YOUR INSTRUCTIONS - Every record must be copied exactly, except that pictures are dropped.

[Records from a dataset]
==============================
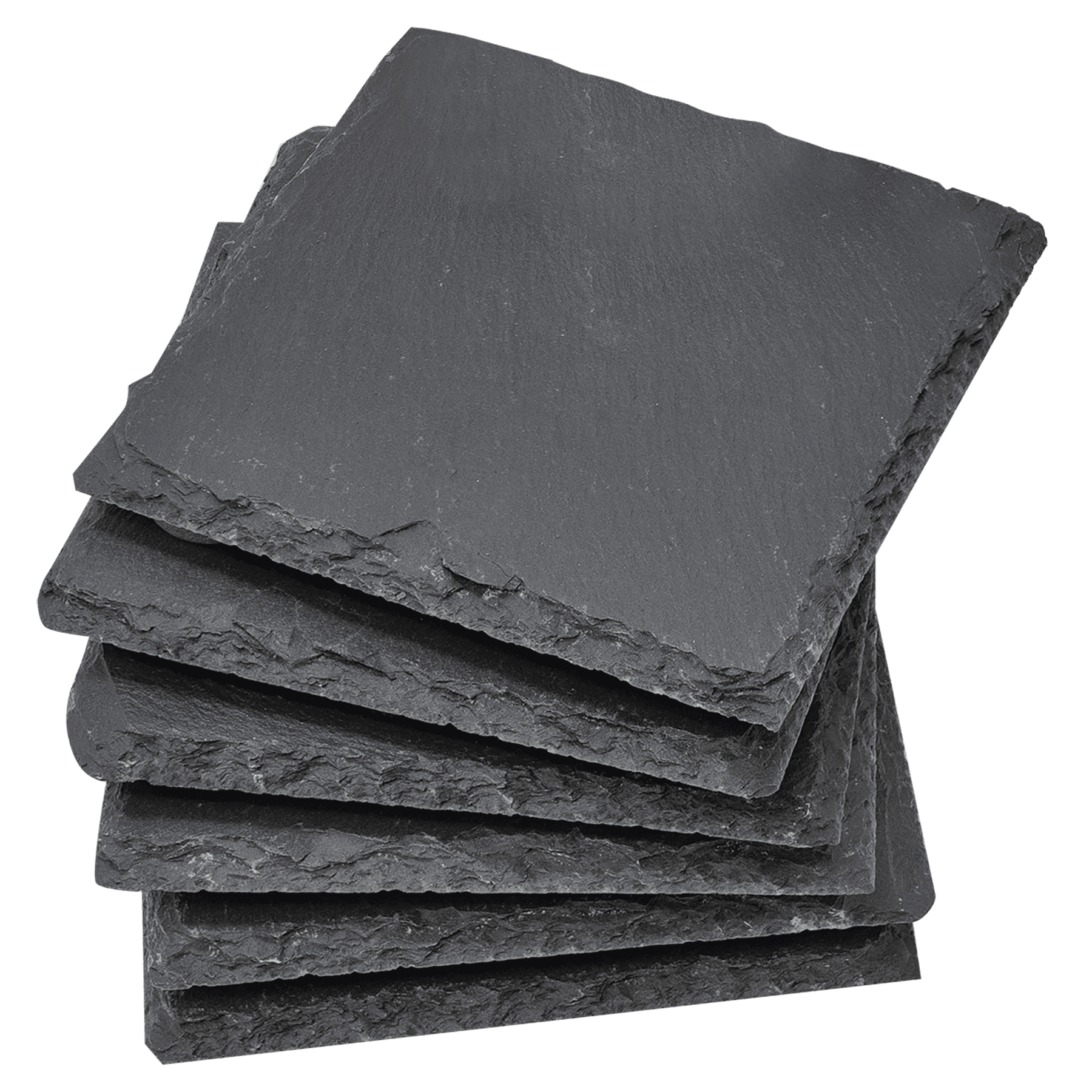 Stack of black slate coasters on a transparent background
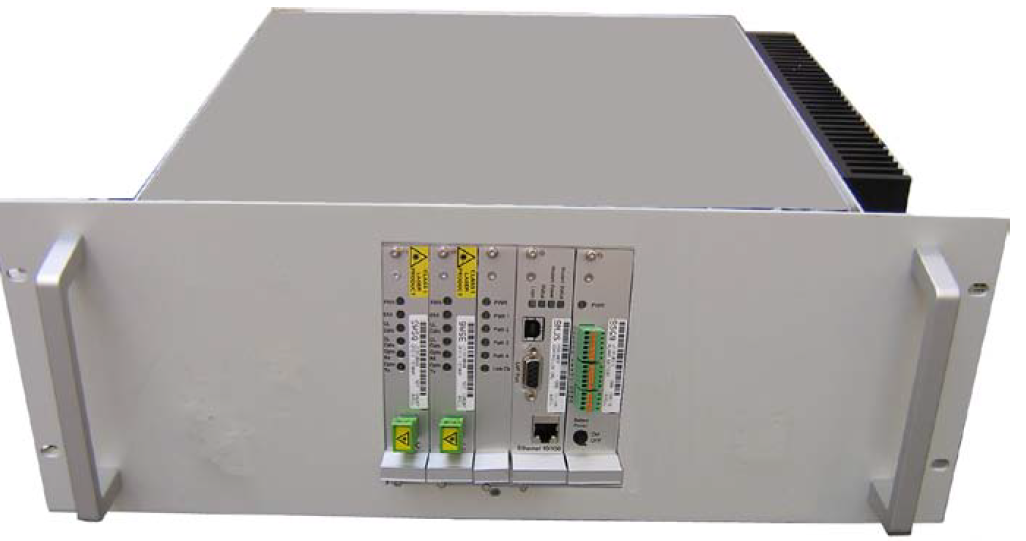 Front view of an electronic device with ports and ventilation slots.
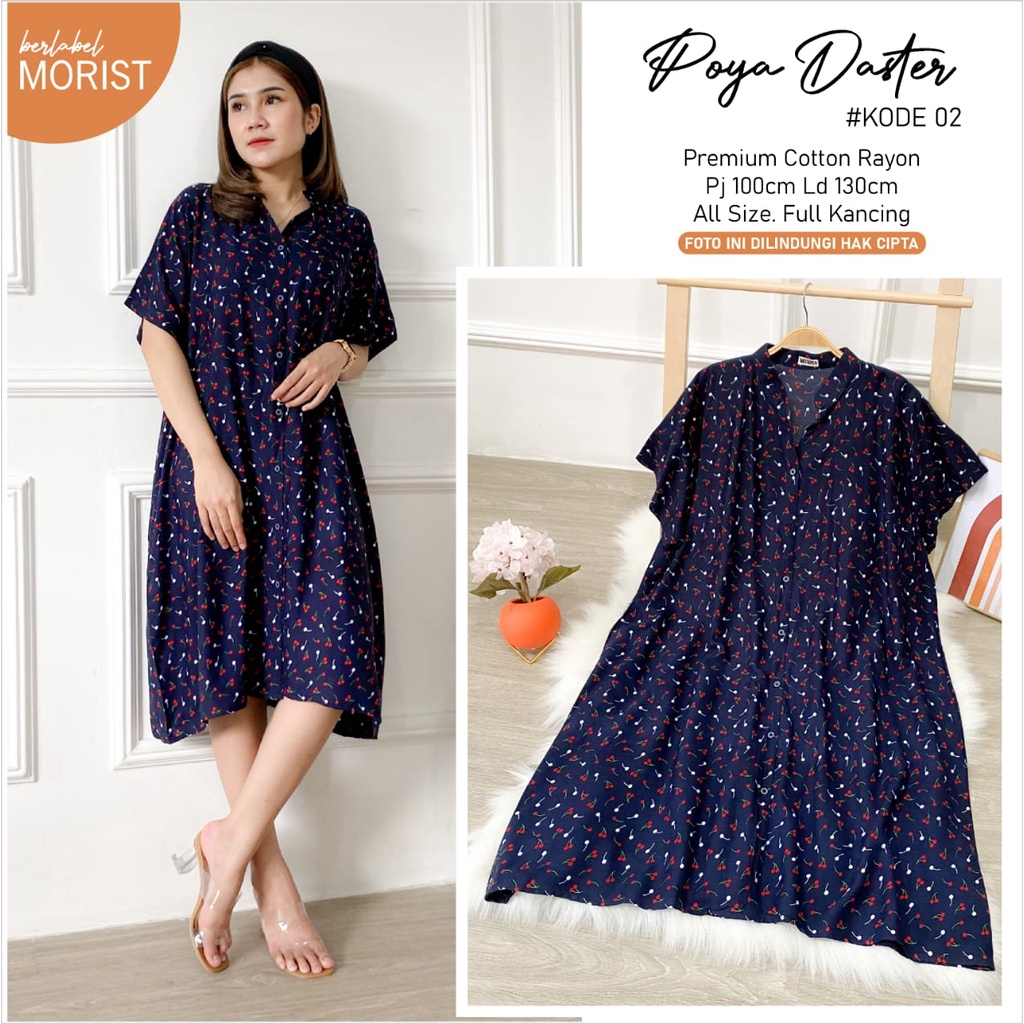 DASTER PREMIUM ALLSIZE DENGAN FULL KANCING BAHAN COTTON RAYON ~ POYA DASTER ORIGINAL MORIST 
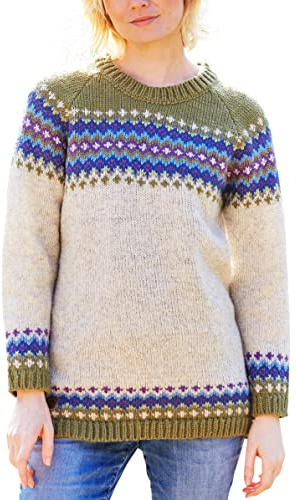 Pachamama kvinnor ulljumper handstickad Fair Isle naturliga färger handgjord tjock varm pullover tröja Fair Trade, Oliv, L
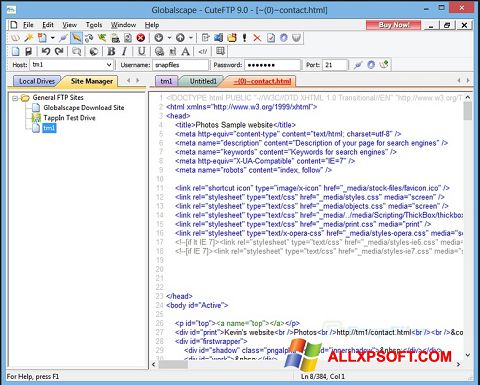 لقطة شاشة CuteFTP لنظام التشغيل Windows XP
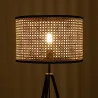lampadaire 145cm abat-jour rotin culot e27 pied noir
==============================
SOLUTION TO THE PROBLEM -
 Stack of black slate coasters on a transparent background
 Front view of an electronic device with ports and ventilation slots.
 DASTER PREMIUM ALLSIZE DENGAN FULL KANCING BAHAN COTTON RAYON ~ POYA DASTER ORIGINAL MORIST 
 Pachamama kvinnor ulljumper handstickad Fair Isle naturliga färger handgjord tjock varm pullover tröja Fair Trade, Oliv, L
 لقطة شاشة CuteFTP لنظام التشغيل Windows XP
lampadaire 145cm abat-jour rotin culot e27 pied noir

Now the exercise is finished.